おそらく生涯最大のモテ期かもしれないのに、今好きなのがシーナくん、男子って!
なんて間が悪いの?サイトーってば(笑)。
寄り添って歩く二人は、いわゆる腐女子の好きな、BLカップルに見えなくもなかった。
どっちが攻め?受け?とか、よく知らないけど。
サイトーはシーナくんが好きだから、シャレになんないじゃん!アタマをぶんぶん振って、変な妄想を打ち消した。

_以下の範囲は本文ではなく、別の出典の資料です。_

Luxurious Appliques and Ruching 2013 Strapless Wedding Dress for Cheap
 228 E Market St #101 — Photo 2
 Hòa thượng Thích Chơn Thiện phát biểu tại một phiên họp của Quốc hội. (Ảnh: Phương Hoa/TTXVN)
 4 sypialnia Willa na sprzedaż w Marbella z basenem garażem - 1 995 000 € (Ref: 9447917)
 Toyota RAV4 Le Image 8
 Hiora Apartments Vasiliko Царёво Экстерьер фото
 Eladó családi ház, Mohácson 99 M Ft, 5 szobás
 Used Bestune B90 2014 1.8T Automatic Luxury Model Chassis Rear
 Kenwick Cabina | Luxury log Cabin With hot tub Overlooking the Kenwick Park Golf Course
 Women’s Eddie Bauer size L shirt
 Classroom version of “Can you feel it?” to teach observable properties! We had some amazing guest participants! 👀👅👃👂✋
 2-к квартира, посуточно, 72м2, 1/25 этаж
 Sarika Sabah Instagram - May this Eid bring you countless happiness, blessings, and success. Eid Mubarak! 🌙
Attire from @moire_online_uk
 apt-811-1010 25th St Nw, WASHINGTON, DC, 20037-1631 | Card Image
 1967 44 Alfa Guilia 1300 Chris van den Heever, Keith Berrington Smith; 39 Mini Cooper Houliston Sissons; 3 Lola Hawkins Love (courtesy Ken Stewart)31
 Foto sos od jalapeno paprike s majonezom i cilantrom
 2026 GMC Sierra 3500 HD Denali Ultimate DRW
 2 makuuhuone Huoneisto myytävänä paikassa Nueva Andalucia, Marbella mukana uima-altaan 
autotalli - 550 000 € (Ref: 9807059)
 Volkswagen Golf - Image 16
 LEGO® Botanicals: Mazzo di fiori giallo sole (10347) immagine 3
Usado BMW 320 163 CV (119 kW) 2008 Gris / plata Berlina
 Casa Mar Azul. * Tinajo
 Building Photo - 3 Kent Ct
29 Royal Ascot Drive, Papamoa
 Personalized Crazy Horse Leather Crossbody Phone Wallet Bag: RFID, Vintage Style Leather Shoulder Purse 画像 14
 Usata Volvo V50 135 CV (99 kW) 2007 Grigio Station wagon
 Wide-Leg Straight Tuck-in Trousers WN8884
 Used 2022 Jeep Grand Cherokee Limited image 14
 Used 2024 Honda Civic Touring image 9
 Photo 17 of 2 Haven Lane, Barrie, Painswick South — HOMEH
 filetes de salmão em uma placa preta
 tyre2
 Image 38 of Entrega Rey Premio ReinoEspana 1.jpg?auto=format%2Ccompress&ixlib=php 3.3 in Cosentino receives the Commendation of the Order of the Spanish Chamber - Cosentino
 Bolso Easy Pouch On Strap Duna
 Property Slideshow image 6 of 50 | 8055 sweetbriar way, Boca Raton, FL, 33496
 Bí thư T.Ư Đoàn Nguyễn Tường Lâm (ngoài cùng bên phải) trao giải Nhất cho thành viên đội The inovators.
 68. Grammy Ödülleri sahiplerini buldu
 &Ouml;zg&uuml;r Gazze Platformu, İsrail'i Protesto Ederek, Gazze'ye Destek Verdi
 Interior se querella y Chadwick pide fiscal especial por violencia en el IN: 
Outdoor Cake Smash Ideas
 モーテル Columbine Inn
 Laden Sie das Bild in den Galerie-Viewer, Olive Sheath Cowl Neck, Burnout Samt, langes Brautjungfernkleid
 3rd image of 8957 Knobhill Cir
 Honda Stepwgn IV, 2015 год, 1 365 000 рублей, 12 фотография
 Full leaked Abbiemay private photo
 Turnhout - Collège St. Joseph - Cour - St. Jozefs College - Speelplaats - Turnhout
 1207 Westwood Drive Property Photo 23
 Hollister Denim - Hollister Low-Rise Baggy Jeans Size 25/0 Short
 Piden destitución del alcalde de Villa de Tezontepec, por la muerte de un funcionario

二時間目の化学の教室移動のときに、知佳に声を掛けられた。
「マユー、ビックリしたよ」
「ああ、サイトー?」
「ねっ、二人付き合ってんの?」
「ナイナイ!幼なじみ」
「ふぅん、斎藤くん、カッコいいよね。アタシ、いってみようかな」
無理だと思うけど。ヤツは今、シーナくん推しだし。
「いいんじゃない?」
「ありがと!」
知佳もシーナくん推しじゃないっけ?
変り身、早!
カッコよければ誰でもいいのかな?
アンタは、サイトーの何を知ってるの?
知佳が笑顔で去ってからも、何だかモヤモヤした。
でも、ウチだって、シーナくんに一目惚れして、待伏せしたり、勝手に色々妄想したり…。話して益々好きになったけど、取っ掛かりは、見た目。
見た目が良い人って、大変なんだ。
不特定多数の相手からの、色んな妄想や恋慕を、日常的に浴びるって、しんどいよね。
本当に自分が好きなのか、勝手な思い込みで迫って来てるのか、自分で見極めなきゃならないし。
それを商売にしている、アイドルって、凄いな。メンタル鋼じゃないと、無理。ストーカーに遭ったりするもんね。